Let’s start with saturated fat. Saturated fat is found in meat, eggs, coconut and palm oil. Saturated fat has a wonderful property in that it is very difficult to oxidize, which means two things: it doesn’t go rancid easily and it doesn’t cause oxidative stress in your body. The saturated fat in meat and eggs is a long-chain saturated fat. It is not the unhealthy fat that was once wrongfully accused as the cause of cardiovascular disease, but how healthy it is for you is still under debate. My suggestion is to not worry about it, but don’t go out of your way to eat more of it either. Coconut and palm oil contain a medium chain saturated fat and this is very special. It can actually be used directly for energy by your cells, without modification and without a spike in insulin or blood sugar. When I desperately need a snack between meals, I often choose coconut as a way of maintaining my insulin sensitivity.
Saturated fats are the only fats you should cook with on a regular basis. This is because poly-unsaturated fats do something very bad when they get heated up: they oxidize and produce Advanced Glycation End-Products (AGEs). This means two things: they do go rancid much more easily and, if they do produce AGEs, they can cause oxidative damage to the cells in your body.
“Wait, wait, wait. What are AGEs?” you say. Good question. Without delving too deeply into the biochemistry, AGEs are produced inside your body when sugar molecules (most often fructose) bind to fat or protein. The resulting molecule can cause oxidative damage and inflammation, and is generally considered to be one of the major contributors to aging. Don’t freak out too much because some production of AGEs is normal and healthy. The problem is when our bodies produce too much or when we consume too much in our food. The best way to limit your body’s production of AGEs is to limit your intake of carbohydrates, especially fructose. You don’t need to go crazy; maybe try and keep under 100g of carbohydrates a day (unless you’re trying to lose weight, and then aim for 30-50g). And while it probably isn’t as important, it’s also generally sensible to try and limit your consumption of AGEs. This means not burning your food and not cooking with polyunsaturated fats (like olive, sesame, and flax oils).
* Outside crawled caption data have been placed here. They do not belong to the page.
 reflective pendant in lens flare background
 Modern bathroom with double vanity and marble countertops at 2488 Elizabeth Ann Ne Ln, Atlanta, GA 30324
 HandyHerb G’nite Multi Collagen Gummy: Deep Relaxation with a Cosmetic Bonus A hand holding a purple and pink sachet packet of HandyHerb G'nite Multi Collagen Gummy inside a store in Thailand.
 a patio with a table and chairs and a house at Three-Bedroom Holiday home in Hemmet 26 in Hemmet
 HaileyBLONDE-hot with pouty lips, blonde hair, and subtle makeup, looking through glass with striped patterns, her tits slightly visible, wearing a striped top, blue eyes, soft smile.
It is also important to reduce your intake of omega-6 fatty acids to the best of your ability (and budget). This means no modern vegetable oils or products made from them, like mayonnaise or store-bought salad dressings. Also, be mindful of your nut consumption and try to eat grass-fed meat, free-range poultry, and wild game whenever it’s not prohibitively expensive. At the same time, try and increase your omega-3 intake by eating more wild caught fish (canned salmon and sardines are great inexpensive options), omega-3 eggs, and maybe also using a fish oil supplement.
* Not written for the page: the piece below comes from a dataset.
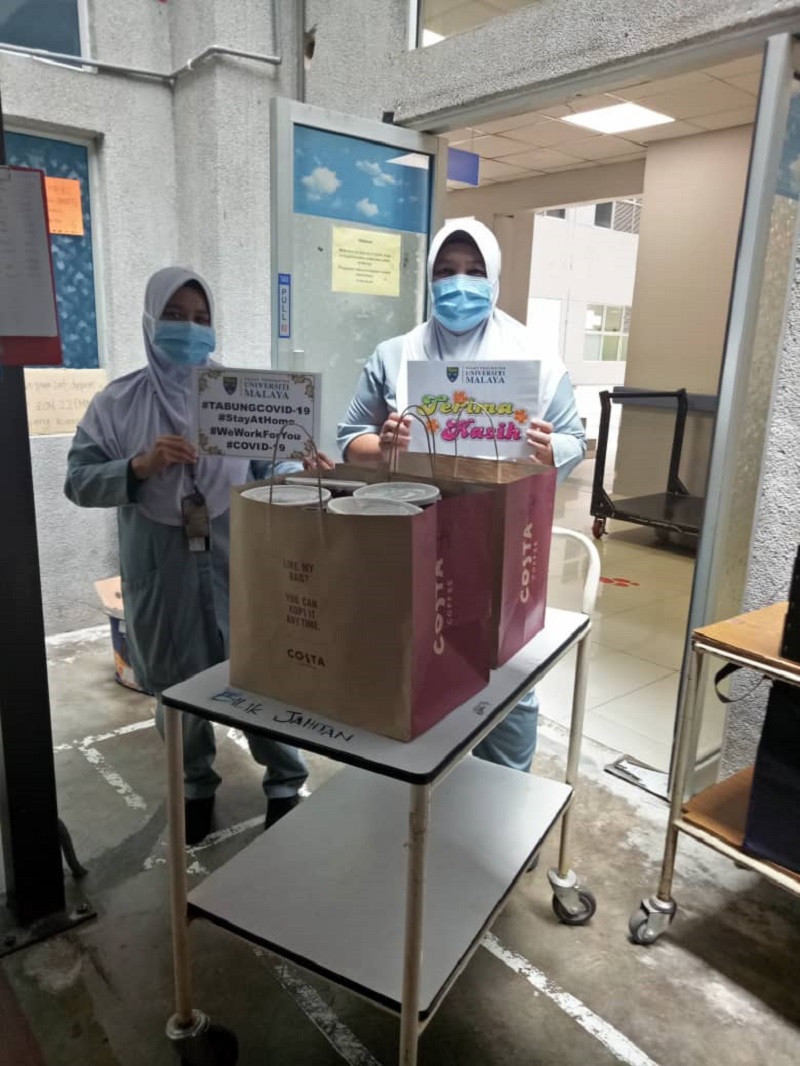 Costa Coffee employees distribute food to frontliners at the Sungai Buloh Hospital. — Picture courtesy of Costa Coffee Malaysia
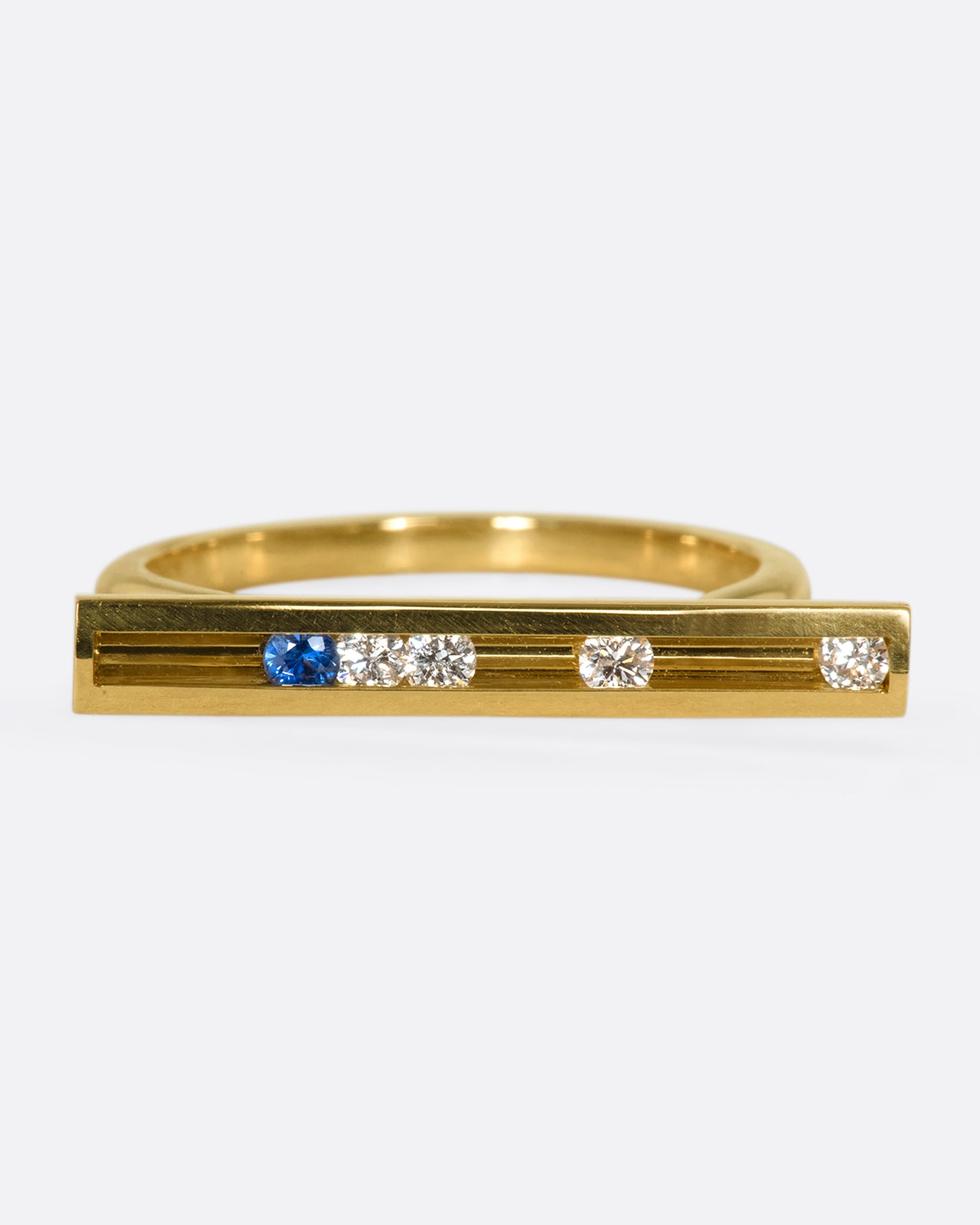 A flat-face ring with blue sapphires and diamonds that glide across an 18K gold bar.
In summary: You still have lots of great options. You can get your “raw” fats from avocados, avocado oil, olives, olive oil, sesame oil, nuts and seeds and their oils (in moderation), and coconut and coconut products. The best sources of “cooked” fats are grass-fed meat, free-range poultry, wild game, pasture-raised or omega-3 eggs and wild-caught fish. For cooking, I suggest using a high quality extra virgin olive oil (see Olive Oil Redemption: Yes, It’s a Great Cooking Oil!), avocado oil, coconut oil (extra virgin or naturally refined), palm oil (make sure it’s ethically-sourced), grass-fed butter or ghee (if you tolerate it–many don’t, so use with caution), suet, lard, tallow or other animal fat (especially, if pasture-fed). And remember, this isn’t supposed to increase your stress. If you can only afford conventional ground beef, then don’t worry about it. Do what you can and know that you will feel better for every positive change you make!